"Yes, just before we get off the cars the conductor will take them."
"It seems pretty dreadful to spend so much money for tickets and then not be allowed to keep them," Ruby said. "Don't you think he would let me keep mine just to remember the journey by, if I should ask him?"
"No, he could not do that," Aunt Emma answered. "You will have to give yours up just as every one else will. But you have had a long ride for the ticket, you know, Ruby, so you must not feel as if your ticket had been taken away and you had received nothing in exchange."

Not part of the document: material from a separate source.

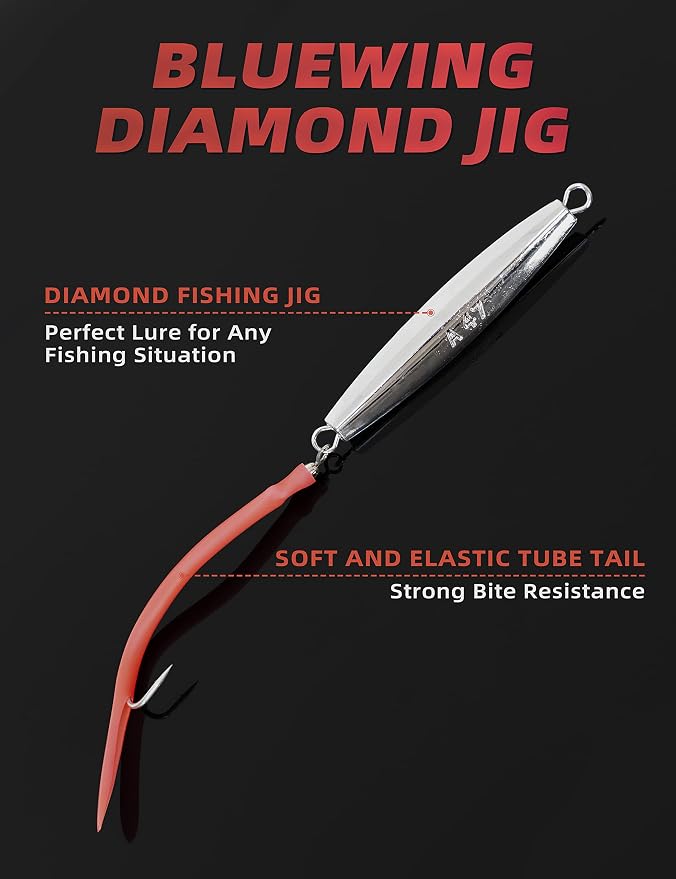 BLUEWING Diamond Jigs Fishing Saltwater Lure 1oz,2oz,3oz,4oz 1pc with Split Tube Tail and Stainless Steel Hook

"Oh, I forgot that," Ruby answered, and then she leaned her face against the window and looked out again at the places they were passing. By and by the old gentleman in the seat in front of Ruby looked around and when he saw the little girl, he smiled at her with a pair of very kind blue eyes, and said,—
"Little girl, don't you want to come in here and visit me a little while?"
Ruby was very willing to do this, for she was tired of looking out of the window, and Aunt Emma had a headache and did not feel like talking; so in a minute she had slipped past her aunt, and was in the next seat, very willing to be entertained.
The old gentleman was very fond of little girls, and as he had a whole host of grandchildren, he knew just what little girls and boys liked. He told Ruby some funny stories about the way people had to travel before steam cars were in use, and then he told her about the first school he ever went to, and how he had to go all alone, and had a pretty hard time with the older boys, who were very fond of teasing younger ones.
Ruby was very much interested, and told him in return that she, too, was going to school for the first time.
By and by a boy came through the cars with a basket on his arm.
"Oranges, apples, bananas, pears," he called out, and the old gentleman beckoned to him.